Method(s) of Evaluation
A. One or more midterm exam(s).
B. Two or more practical lab exam(s).
D. Written and/or oral presentation of experimental research results.
E. Comprehensive final exam.
F. Participation in the laboratory.
Method(s) of Instruction
B. Cooperative learning exercises
C. Oral presentations
Representative Text(s) and Other Materials
Urry, Cain, Wasserman, Minorsky, and Reece. Campbell Biology. 11th ed. with MasteringBiology. San Francisco: Pearson/Benjamin Cummings, 2017. ISBN: 9780134082318
One of the following photo guides:
Rust, Thomas. A Guide to Biology Lab. 3rd ed. Boerne, TX: Southwest Educational Enterprises, 1983. ISBN: 9780937029015 (The photographs and labels in this guide are excellent. A newer edition is not available.)

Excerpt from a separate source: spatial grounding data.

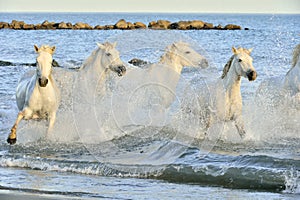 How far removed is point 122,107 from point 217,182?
240cm

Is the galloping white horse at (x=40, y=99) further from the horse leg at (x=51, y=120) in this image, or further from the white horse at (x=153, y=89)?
the white horse at (x=153, y=89)

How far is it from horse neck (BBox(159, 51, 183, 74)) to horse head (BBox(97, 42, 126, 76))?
1.34m

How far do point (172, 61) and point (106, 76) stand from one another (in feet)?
4.62

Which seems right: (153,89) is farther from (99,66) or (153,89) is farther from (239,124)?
(239,124)

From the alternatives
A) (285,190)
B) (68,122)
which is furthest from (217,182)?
(68,122)

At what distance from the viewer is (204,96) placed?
408 inches

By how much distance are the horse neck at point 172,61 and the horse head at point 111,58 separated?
1.34m

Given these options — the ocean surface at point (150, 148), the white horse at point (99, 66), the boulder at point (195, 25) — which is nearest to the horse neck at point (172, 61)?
the ocean surface at point (150, 148)

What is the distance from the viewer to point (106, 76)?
10406 millimetres

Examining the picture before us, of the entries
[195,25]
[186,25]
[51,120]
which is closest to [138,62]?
[51,120]

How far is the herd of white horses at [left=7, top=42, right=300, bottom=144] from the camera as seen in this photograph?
9.57 metres

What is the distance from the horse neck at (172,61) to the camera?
11292 mm

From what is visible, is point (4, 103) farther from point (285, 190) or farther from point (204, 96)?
point (285, 190)

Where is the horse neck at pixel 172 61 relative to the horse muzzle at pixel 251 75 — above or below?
above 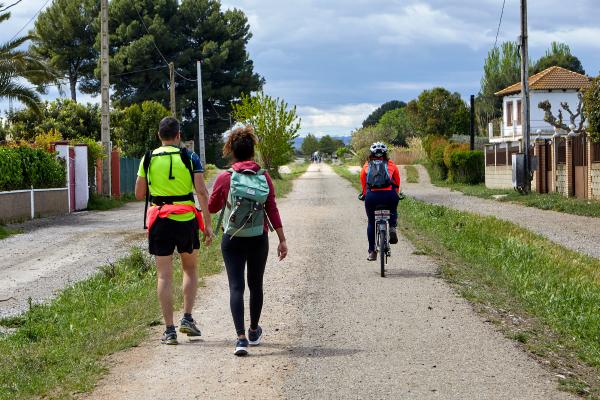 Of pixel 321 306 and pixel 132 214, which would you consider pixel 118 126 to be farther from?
pixel 321 306

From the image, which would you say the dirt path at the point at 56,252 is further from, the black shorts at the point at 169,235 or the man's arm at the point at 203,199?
the man's arm at the point at 203,199

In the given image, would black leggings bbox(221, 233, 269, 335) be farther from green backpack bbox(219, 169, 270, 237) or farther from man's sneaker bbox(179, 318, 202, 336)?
man's sneaker bbox(179, 318, 202, 336)

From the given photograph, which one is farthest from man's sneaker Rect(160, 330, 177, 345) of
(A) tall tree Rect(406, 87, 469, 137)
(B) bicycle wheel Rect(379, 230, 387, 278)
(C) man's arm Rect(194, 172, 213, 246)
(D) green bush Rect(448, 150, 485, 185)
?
(A) tall tree Rect(406, 87, 469, 137)

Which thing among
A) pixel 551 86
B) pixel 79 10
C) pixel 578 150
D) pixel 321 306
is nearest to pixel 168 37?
pixel 79 10

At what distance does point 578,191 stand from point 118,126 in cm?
3246

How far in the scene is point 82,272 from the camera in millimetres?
13984

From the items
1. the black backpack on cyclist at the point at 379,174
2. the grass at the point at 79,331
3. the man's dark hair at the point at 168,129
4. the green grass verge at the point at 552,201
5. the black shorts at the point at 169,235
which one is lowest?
the grass at the point at 79,331

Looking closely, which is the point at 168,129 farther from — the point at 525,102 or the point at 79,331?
the point at 525,102

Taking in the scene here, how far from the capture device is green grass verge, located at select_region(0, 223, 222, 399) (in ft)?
20.5

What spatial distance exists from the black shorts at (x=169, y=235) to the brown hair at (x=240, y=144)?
0.70 metres

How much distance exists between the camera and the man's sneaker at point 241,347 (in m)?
6.83

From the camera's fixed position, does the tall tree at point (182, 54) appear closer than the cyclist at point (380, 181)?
No

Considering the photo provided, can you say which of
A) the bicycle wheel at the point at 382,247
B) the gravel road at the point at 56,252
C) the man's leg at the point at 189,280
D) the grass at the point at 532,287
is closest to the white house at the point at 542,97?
the gravel road at the point at 56,252

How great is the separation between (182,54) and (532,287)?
Answer: 58399mm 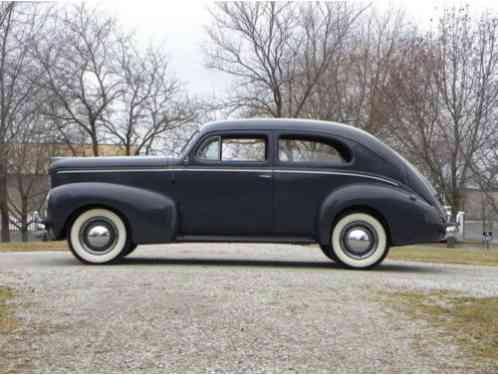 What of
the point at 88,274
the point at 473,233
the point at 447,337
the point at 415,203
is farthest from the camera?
the point at 473,233

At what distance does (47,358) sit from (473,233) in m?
56.8

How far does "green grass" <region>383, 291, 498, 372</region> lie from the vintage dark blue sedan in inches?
83.4

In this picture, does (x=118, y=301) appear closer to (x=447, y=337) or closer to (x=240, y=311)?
(x=240, y=311)

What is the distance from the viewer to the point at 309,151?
973cm

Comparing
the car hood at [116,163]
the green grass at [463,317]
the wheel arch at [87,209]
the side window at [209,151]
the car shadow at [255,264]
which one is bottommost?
the green grass at [463,317]

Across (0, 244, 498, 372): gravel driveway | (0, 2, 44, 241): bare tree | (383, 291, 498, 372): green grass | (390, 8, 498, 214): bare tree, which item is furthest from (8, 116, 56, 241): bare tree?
(383, 291, 498, 372): green grass

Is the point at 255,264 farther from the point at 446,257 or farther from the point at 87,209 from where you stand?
the point at 446,257

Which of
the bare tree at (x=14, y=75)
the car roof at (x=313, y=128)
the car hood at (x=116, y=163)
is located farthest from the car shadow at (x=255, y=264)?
the bare tree at (x=14, y=75)

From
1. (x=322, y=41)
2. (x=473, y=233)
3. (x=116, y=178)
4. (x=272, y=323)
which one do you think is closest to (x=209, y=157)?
(x=116, y=178)

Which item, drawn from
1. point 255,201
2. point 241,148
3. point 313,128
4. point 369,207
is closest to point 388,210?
point 369,207

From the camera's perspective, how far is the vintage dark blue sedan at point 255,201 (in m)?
9.40

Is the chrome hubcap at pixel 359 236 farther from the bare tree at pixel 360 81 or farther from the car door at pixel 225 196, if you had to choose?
the bare tree at pixel 360 81

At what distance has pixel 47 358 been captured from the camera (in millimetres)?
4840

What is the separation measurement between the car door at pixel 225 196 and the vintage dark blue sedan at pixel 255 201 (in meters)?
0.01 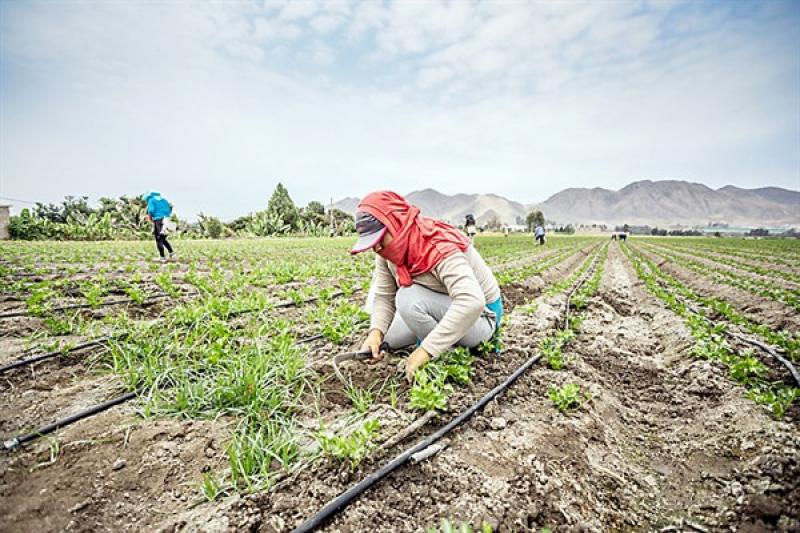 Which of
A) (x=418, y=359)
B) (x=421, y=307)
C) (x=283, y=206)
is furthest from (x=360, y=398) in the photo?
(x=283, y=206)

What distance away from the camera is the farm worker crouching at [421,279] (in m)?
2.64

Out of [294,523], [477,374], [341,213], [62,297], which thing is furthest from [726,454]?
[341,213]

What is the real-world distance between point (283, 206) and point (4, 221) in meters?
21.9

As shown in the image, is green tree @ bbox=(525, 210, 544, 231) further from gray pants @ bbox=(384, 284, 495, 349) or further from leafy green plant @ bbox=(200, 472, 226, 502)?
leafy green plant @ bbox=(200, 472, 226, 502)

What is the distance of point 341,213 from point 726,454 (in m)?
48.1

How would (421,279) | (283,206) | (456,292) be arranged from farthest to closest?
(283,206)
(421,279)
(456,292)

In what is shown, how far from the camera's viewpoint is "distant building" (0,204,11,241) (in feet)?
71.9

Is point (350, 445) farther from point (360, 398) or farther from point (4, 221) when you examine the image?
point (4, 221)

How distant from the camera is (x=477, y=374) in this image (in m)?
3.45

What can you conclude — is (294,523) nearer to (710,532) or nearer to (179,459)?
(179,459)

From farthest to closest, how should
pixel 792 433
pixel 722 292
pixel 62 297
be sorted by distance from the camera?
1. pixel 722 292
2. pixel 62 297
3. pixel 792 433

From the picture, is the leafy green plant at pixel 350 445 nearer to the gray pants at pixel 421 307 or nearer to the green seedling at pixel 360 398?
the green seedling at pixel 360 398

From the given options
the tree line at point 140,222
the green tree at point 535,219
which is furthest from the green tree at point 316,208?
the green tree at point 535,219

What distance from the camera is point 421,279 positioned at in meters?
3.12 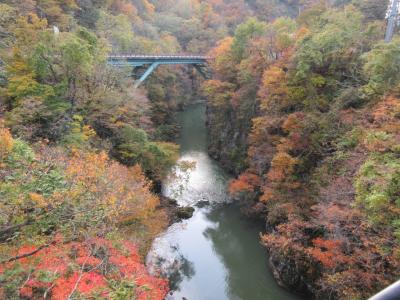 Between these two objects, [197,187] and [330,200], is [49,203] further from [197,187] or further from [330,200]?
[197,187]

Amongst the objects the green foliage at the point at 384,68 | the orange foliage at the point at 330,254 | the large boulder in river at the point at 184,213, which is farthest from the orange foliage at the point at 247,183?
the green foliage at the point at 384,68

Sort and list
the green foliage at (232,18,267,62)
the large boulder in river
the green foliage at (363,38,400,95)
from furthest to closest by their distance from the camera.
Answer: the green foliage at (232,18,267,62) → the large boulder in river → the green foliage at (363,38,400,95)

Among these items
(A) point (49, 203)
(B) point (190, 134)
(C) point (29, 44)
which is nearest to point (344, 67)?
(A) point (49, 203)

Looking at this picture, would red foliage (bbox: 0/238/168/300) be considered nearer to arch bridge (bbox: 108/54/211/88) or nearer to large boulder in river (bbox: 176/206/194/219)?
large boulder in river (bbox: 176/206/194/219)

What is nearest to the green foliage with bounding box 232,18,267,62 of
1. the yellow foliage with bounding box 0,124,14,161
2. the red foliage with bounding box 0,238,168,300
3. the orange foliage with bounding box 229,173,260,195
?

Adams, B.J., and J.L. Crawley. Van De Graaff's Photographic Atlas for the Biology Laboratory. 7th ed. Englewood, CO: Morton Publishing, 2013. ISBN: 9781617310584
Schultheis, Lisa. Laboratory exercises. Los Altos Hills, CA: Foothill College, 2018. (The lab exercises are updated on a regular basis; author may vary based on which faculty member updated it most recently.)
Ambrose, H.W., K.P. Ambrose, D.J. Emlen, and K.L. Bright. A Handbook of Biological Investigation. Winston-Salem, NC: Hunter Textbooks Inc., 2007. ISBN: 9780887253317
Bohensky, Fred. Photo Manual and Dissection Guide of the Fetal Pig. Wayne, NJ: Avery Publishing Group, Inc., 2002. ISBN: 9780757000300 (Excellent photographs. This is the newest edition available.)
Types and/or Examples of Required Reading, Writing, and Outside of Class Assignments
A. Reading Assignments: Weekly reading assignments from college-level, lower division, biology majors text corresponding to lecture topics.
B. Laboratory Exercises: Biweekly lab exercises. Each lab exercise includes individual or group activities covering assigned readings in laboratory handouts.
C. Research Project: Students work in groups to design and implement a research project related to topics covered in lecture and/or lab. Results are presented in an oral presentation and/or a written research report.